The Logos was likened by the Alexandrian Jew, Philo, (and other strands of Hellenistic philosophy) to a stream of Light-Radiation issuing from God, with stages of decreasing brilliance, forming a hierarchy of God's powers and activities. Like most Hellenistic philosophers, Philo believed that the ultimate God was unknowable and indefinable. Humanity could reach and understand him only through his emanations. The Logos was God's mediator, his thought expressed in a comprehensible form. Remembering that he was a Jew and that he lived before the beginning of Christianity, Philo also called the Logos: "the first born", the "image of God", the "first-begotten", the "son of God", the "eldest of the angels" and the "name of God".

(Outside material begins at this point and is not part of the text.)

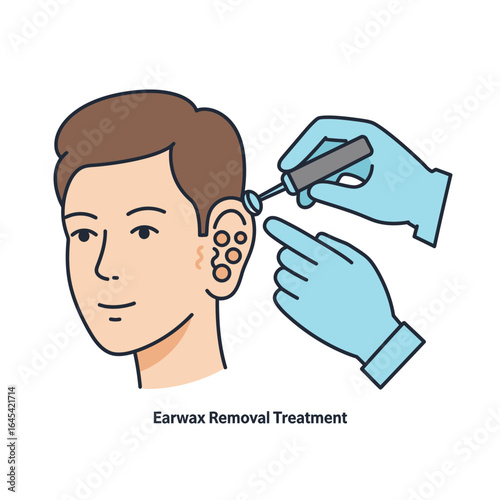 Gentle Ear Cleaning: An illustrated view of an ear cleaning procedure, showcasing a health professional's expertise. 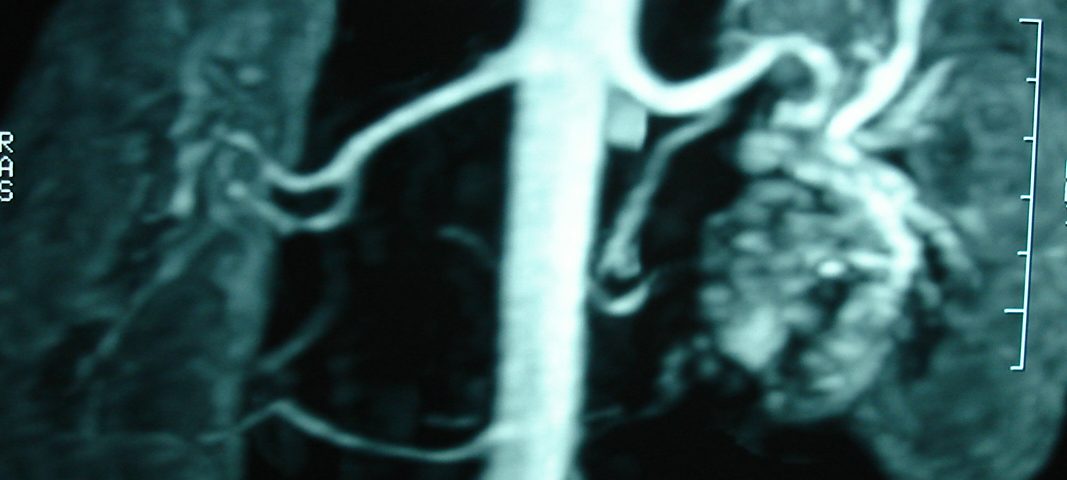 Abdomen  Left Kidney Vascular Anomaly (12)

John's Gospel at times appears to have been opposed to Docetism, a belief that Jesus was an apparition and was not a man of flesh and blood. The phrase "and the Word became flesh, and dwelt amongst us" is clearly at variance with Docetism.To many Hellenistic Jews, the Word, or Logos, was already a familiar concept. John tapped into this familiarity and used it to refer to Jesus and to support the divinity of Jesus, as well as to counter the docetic notion that Jesus was not of flesh.